About #Snowdenfiles & how they were obtained: a thought
DISCLAIMER: This article is pretty much about “IT COULD HAPPENED LIKE THIS”; so just to make sure I am not making any promises over here. In addition, I am not making any allegations nor believing statements to side or another. I take no responsibilities of anyone sleeping capability after reading this either. This is just some primitive analysis.
Well, first of all there is most likely 3 vectors available for this, but only 1 really feasible – with a twist.
They are not in any particular order: 1) DB dump, usage of 2) SPS indexer/reporter etc. OR 3) using automation w/wget like (Powershell) OR manually w/browser. Since it would be merely impossible to work with browser as the alleged amount of data is sizable. So in its lowest form, it is possible that the alleged data was accessed and downloaded with a very simple techniques.
For the reference, you might want to check this: http://arstechnica.com/information-technology/2014/02/nsa-let-snowden-crawl-all-over-its-intranet-unchecked/ – I do have my doubts, so let it be like that.
I am not saying all the data resides within SPS DB:s (that is Sharepoint Portal Server using MSSQL), but they are heavy users of such technology (and its corporate std). Snowden was working with such IT technology area anyway so they could be natural match.
The best part of the thingy is that they could have used SPS as metacrawler for other sites and systems to create “Collections” as they are within SPS. Who knows? Just a wild quess to make all information available under same roof.
I try to image what kind of environment (No) Such Agency & others within same sandbox have. Most likely they do have some sort of reverse-proxying capability with TLS off-loaders. Among that, they do most likely have clustered environment with few other Microsoft technologies on front of them. It is publicly disclosed information that they seem to have extensive use of certs/PKI with such environment.
Most likely portal server (SPS) or in-front-of server/LB stack (or all) would request certificate authentication with any standard issue browser..Without cert, no access and alarm bells whistle. For ‘WGET’ also, same deal. Basically it would have been too problematic to play with such channel. Not to talk about bending or circumventing the IRM/DLP protection layer. I just can not bite it.
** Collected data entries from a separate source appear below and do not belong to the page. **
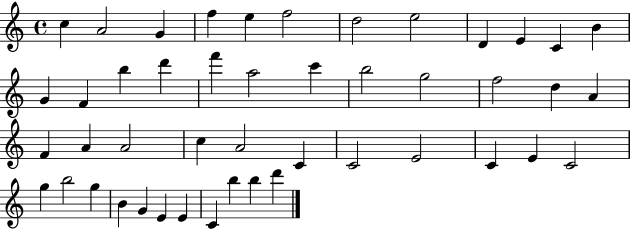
X:1
T:Untitled
M:4/4
L:1/4
K:C
c A2 G f e f2 d2 e2 D E C B G F b d' f' a2 c' b2 g2 f2 d A F A A2 c A2 C C2 E2 C E C2 g b2 g B G E E C b b d'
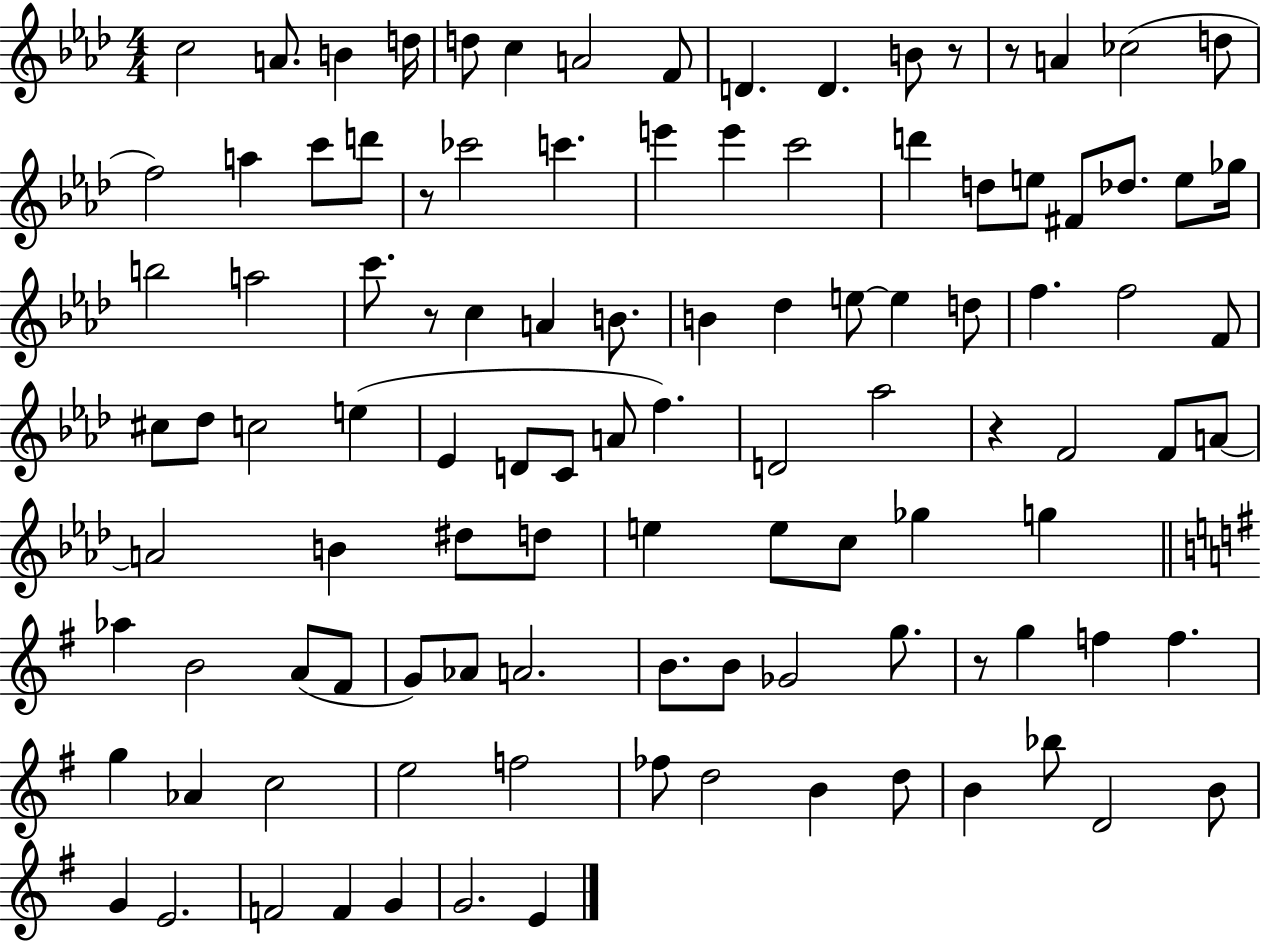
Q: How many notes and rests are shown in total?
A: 107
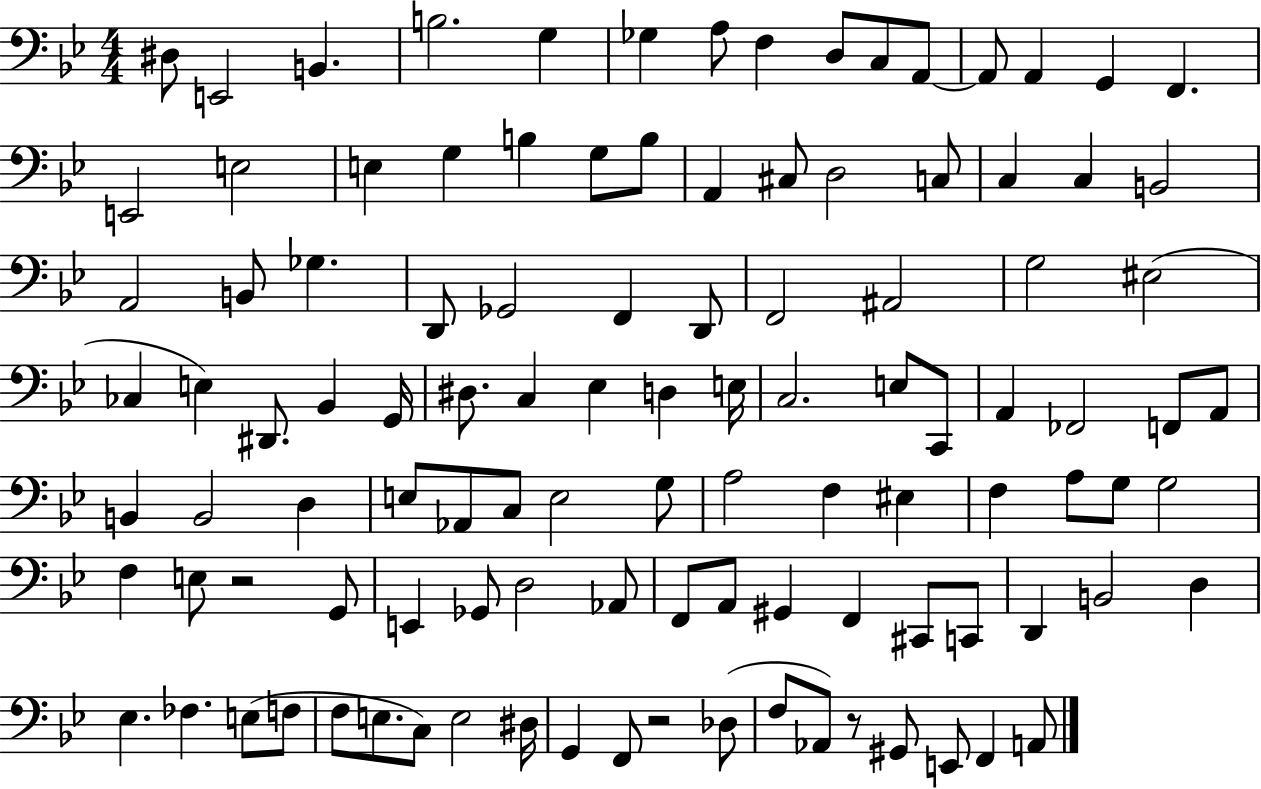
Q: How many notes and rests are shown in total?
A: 109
With DB dump vector, he would encounter encryption which secures data “on rest”. I can not tell the technology (I can imagine w/some sophisticated guesses what they are using, but I leave it away), but it relies a) heavily “adding” key for crypto operations & b) there’s AD integration. The crypto mechanism is policy controlled and is established lower level to protect the data for untrusted 3rd parties, transfer and so on.
Now with DB dump access & exports would be something that is automatically logged and would be visible. AND the data would been kept secure still. There’s no practical way within the premises that unauthorized party would being able to obtain the keys.
Sounds funny, but I do believe it maneuvered in this case quite well. It protected the access for the data on-rest and that is the reason why such attack vector was never selected. It worked.
2 OPTIONS LEFT
So – that leaves 2 options: automation w/wget/powershell etc. (OR by hand) or through SPS indexer process by using indexer credentials.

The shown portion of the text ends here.